Читаем Собрание сочинений. том 7. полностью

А Нана тем временем готовилась исполнить свой последний каприз. Уже давно ей не давало покоя желание переделать спальню, и наконец ее осенила счастливая мысль: спальню надо обить бархатом цвета чайной розы с серебряными гвоздиками; стены будут обтянуты до самого потолка, получится как бы шатер, отделанный золотыми кружевами и шнуром. Так, по ее мнению, получится куда изысканнее и богаче и, кроме того, послужит великолепным фоном для ее перламутровой кожи и рыжих кудрей. Впрочем, отделка спальни затевалась лишь для того, чтобы создать подходящую рамку для кровати, для этого чуда, еще неслыханного и невиданного. Нана мечтала о такой кровати, какой вообще-то на свете нет, о троне, об алтаре, перед которым весь Париж воздаст благоговейную хвалу ее царственной наготе. Кровать будет из чеканного серебра и золота, вся словно драгоценная чаша, и по серебряному прозрачному пологу будут разбросаны золотые розы; у изголовья целая стайка смеющихся амуров будет выглядывать из-за цветов, как бдительная стража сладострастных объятий, скрытых полумраком опущенных занавесей. Нана обратилась к Лабордету, и он привел двух ювелиров. Уже делались эскизы. Кровать, по предварительным подсчетам, обойдется в пятьдесят тысяч франков, и Мюффа должен был преподнести ее Нана в качестве новогоднего подарка.
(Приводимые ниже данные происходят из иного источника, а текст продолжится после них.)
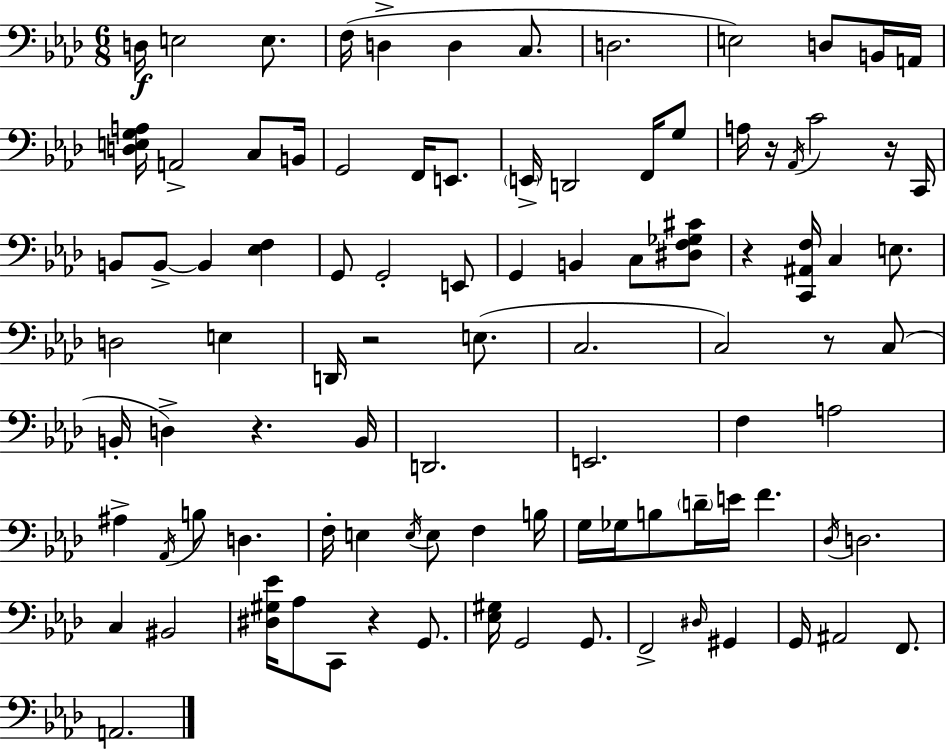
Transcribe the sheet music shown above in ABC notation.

Но особенно удивляло Нана то, что, стоя по горло в золотом потоке, омывавшем ее стройные члены, она постоянно сидит без гроша. В иные дни ей до зарезу требовалась смехотворно малая сумма, какие-нибудь несчастные пять луидоров. Приходилось занимать у Зои или самой изыскивать способы заработка, какие уж бог пошлет. Однако, прежде чем пускаться на крайние меры, она производила разведку среди своих друзей, вытягивала у мужчин имевшуюся при них наличность вплоть до последнего су, и все это под видом милой шутки. Так в течение трех месяцев она очистила карманы Филиппа. Всякий раз, когда Филипп попадал к Нана в критическую минуту, он оставлял ей все содержимое своего кошелька. Вскоре, осмелев, она стала просить у него взаймы то двести, то триста франков, не больше, чтобы уплатить по векселю, расквитаться с самыми неприятными долгами; а Филипп, которого в июле назначили полковым казначеем, на следующий же день приносил требуемую сумму, да еще извинялся за свою бедность, ибо добрая мамочка Югон держала теперь своих сыновей в ежовых рукавицах. По прошествии трех месяцев эти мелкие, но вечно повторявшиеся займы достигли примерно десяти тысяч франков. Капитан-казначей по-прежнему заливался приятным звучным смехом. Однако он худел, временами впадал в задумчивость, по лицу его пробегала страдальческая тень. Но от одного взгляда Нана он весь преображался, впадая в какой-то чувственный экстаз. Нана, как кошечка, ластилась к нему, опьяняла беглыми поцелуями где-нибудь в углу за дверью, окончательно подчиняла себе, вдруг, бурно уступая его домогательствам, и как только ему удавалось улизнуть из полка, он, словно пришитый, ходил за ее юбками.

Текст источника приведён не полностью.